Разумеется, не все историки, которых принято относить к ревизионистскому направлению, одинаково оценивают значимость сочинения Кларендона. Так, Джон Моррил утверждал: «Кларендон был часто демонстративно неправ в изображении фактов и в преследовании особых целей в написании своих трудов, в изображении хода революции, в желании заставить поверить в его объяснение, что его нельзя назвать искренним и проницательным наблюдателем» [71, 216]. Кажется, что эти слова вполне могли принадлежать Фирту или Хаттону.
Американский автор М. Броунли в русле «лингвистического поворота» уделил большее внимание, чем другие историки, особенностям литературного стиля Кларендона. Избегая апологетики, он писал: несмотря на слабости, присущие историографии того времени и трудности своего собственного положения, «Хайду удалось создать структурированный исторический синтез анналов, мемуаров, полемики и апологии в работе, являющейся величайшей, возможно, единственной литературной историографией в Англии XVII века» [26, 18]. «История мятежа» не объективна, она содержит оценки, отражавшие приверженность роялистской партии, которую Кларендон считал более правой в конфликте, чем парламентариев; он давал описание событий так, как он их понимал. Тем не менее, он избрал не тот способ защиты, «которого желал Карл I, поощривший своего советника к написанию. Устремления Хайда определялись его приверженностью к исторической правде и верой в то, что история должна давать урок. Он с болью признавал, что роялисты допустили много ошибок, и считал, что часть его обязательств как историка состоит в том, чтобы назвать и проанализировать эти ошибки. Более того, он верил, что его партия преуспеет в будущем, только если извлечет уроки из прошлого, и он был готов обучать. Он не жалел никого» [26, 21]. В духе своего времени Кларендон избегал излишеств риторики и искусственного драматизма, предпочитая простой, «утилитарный» стиль. Богатый идеологический и психологический контекст событий создавался автором умелым балансированием между дискурсом и рассказом, путем структурирования нарратива как совокупности диалектических и личностных конфликтов. Броунли отмечал: «Историю мятежа» делает произведением искусства сила воображения автора, придающая описываемым событиям и тематическим разделам смысловую ценность. Собственный опыт и опыт других людей, внимательный анализ документов и свидетельств позволили создать «комплексную концепцию того, что было для него истинной сущностью гражданских войн и их значения в истории английской нации» [26, 64].

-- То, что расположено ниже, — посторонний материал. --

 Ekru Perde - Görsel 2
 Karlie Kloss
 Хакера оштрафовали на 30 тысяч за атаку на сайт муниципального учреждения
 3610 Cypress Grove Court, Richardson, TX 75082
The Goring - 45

Менее изученной (и недостаточно востребованной в научном дискурсе) частью литературного наследия Хайда остаются, особенно в отечественной историографии, его политические и религиозные сочинения. Известный шаг в этом направлении был сделан молодым исследователем С. М. Морозовым, защитившим недавно диссертацию о его взглядах [128]. Напомним о трудах Кларендона, которые оставили определенный след в религиозно-философской и политической мысли.

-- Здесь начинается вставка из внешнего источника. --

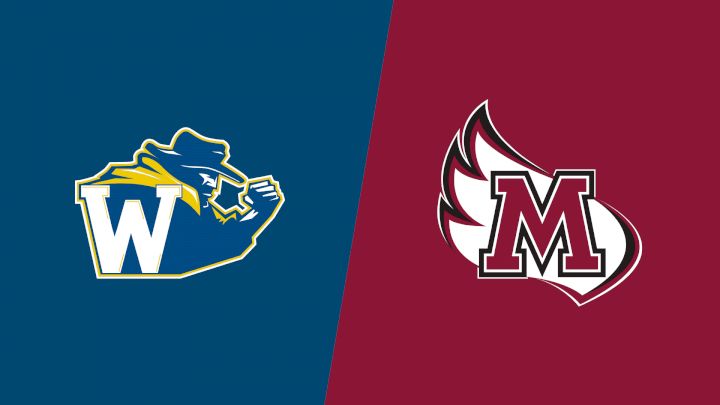 2026 NC Wesleyan vs Meredith College - Women's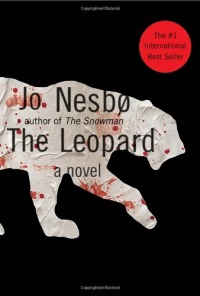 The Leopard: A Harry Hole Novel The Leopard: A Harry Hole Novel
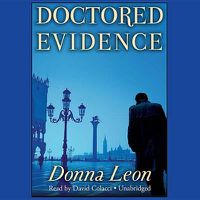 Cover image for Doctored Evidence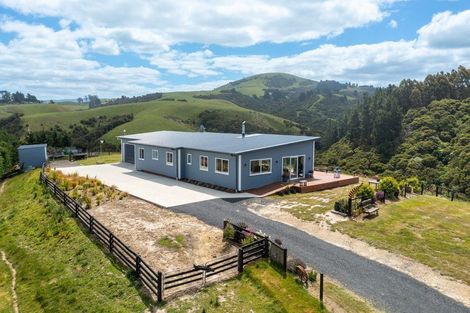 Photo of property in 31 Kayforce Road, Ocean View, Dunedin, 9035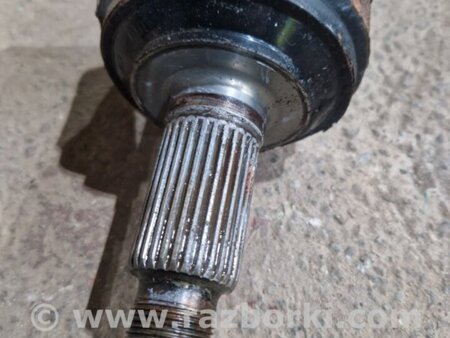 ФОТО Привод для Porsche Cayenne II 958 E2/92A (10-14) Київ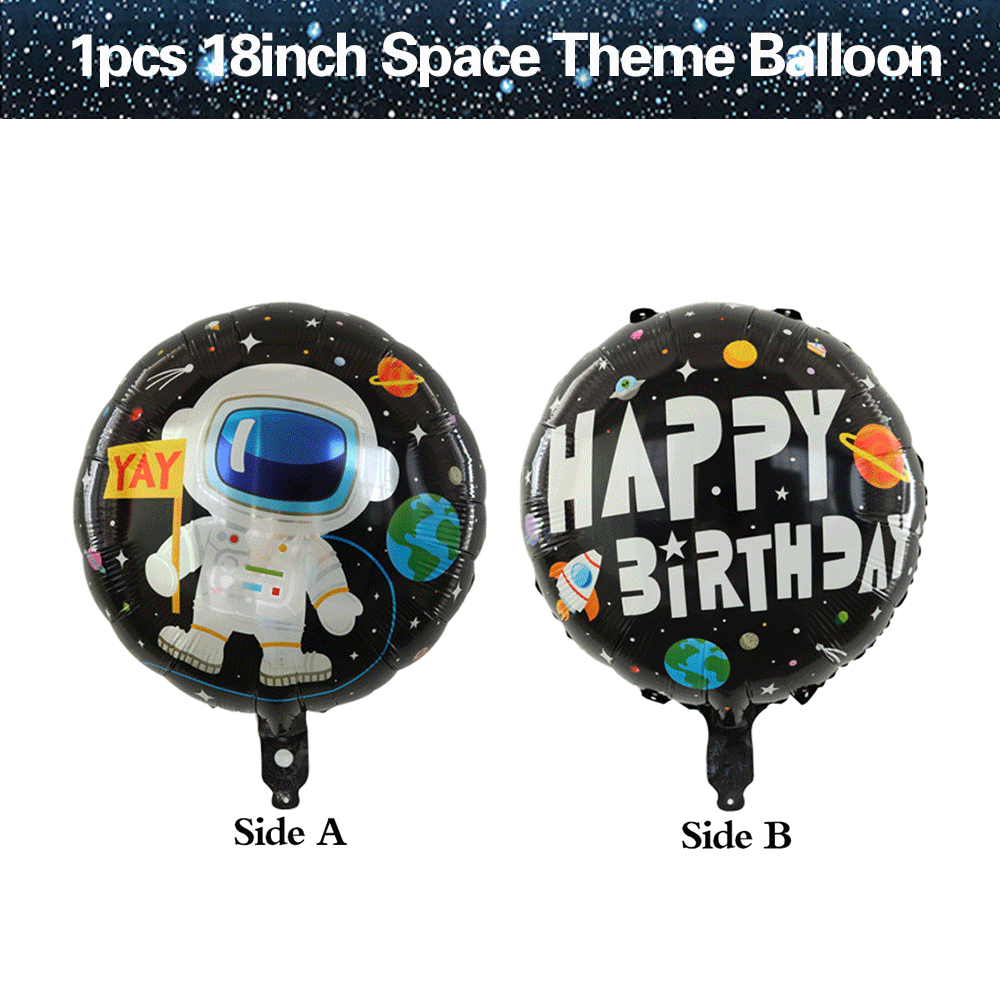 1set Galaxy Party Starry Night Tableware Set Outer Space Birthday Stars Party Table Decorations Solar System Paper Plate Napkins: Burgundy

Вторым (после «Истории мятежа») по значимости своим произведением он считал «Размышления и рассуждения о псалмах Давида», над которым, как и над «Историей мятежа», он фактически работал всю жизнь. По структуре оно представляет собой обстоятельные комментарии к каждому из 150 псалмов, автором которых обычно считают библейского царя Давида, историчность которого является предметом спора, но не для Хайда. Собрание псалмов, Псалтирь — важная часть богослужения, в том числе православного. Псалмы сами по себе — восторженные излияния сердца верующего при разных жизненных испытаниях. Тема испытания истинного христианина важна для Хайда, так как она позволила ему в контексте его времени, политических невзгод и церковных конфликтов сформулировать духовные и нравственные уроки, актуальные как для него самого, так и для тех, кому он адресовал это сочинение. В окончательный вариант были также включены дополнительные комментарии автора. Хайд писал этот труд в три захода: он приступил к нему в 1647 году на острове Джерси, продолжил во время посольства в Испании и завершил только во втором изгнании в Монпелье. То, что он на столь долгое время откладывал этот труд, Хайд считал своим большим грехом, о чем откровенно написал в предисловии, адресованном собственным детям. В нем он напоминал о верной службе королю, винил себя в недостаточном внимании к семье, а главное, в недостаточном упорстве в подготовке этого сочинения: «Из всех сил и с разумением, не лишенным недостатков, я исполнил свой долг на службе королю и моей стране, но я совершил много ошибок в обязательствах по отношению к Богу. Я не всегда помнил о Его милости и благоволении ко мне и семье во времена напастей и изгнания, а также о клятвах и обещаниях, которые давал Ему. По этой причине он послал мне беды и испытания за преступления, в которых я не был ни в малейшей степени повинен, что привело к моему новому изгнанию в том возрасте, когда я уже не мог бороться против трудностей, обрушившихся на меня. Я прервал священные занятия над псалмами, оставив в период моего великого благополучия в пренебрежении бумаги, над которыми работал с такой радостью и удовлетворением в самых трудных условиях» [5, 373]. Как видим, Кларендон уверился, что Бог послал ему новые испытания, потому что он вовремя не выполнил возложенную на него божественным провидением роль, отложив работу над псалмами Давида.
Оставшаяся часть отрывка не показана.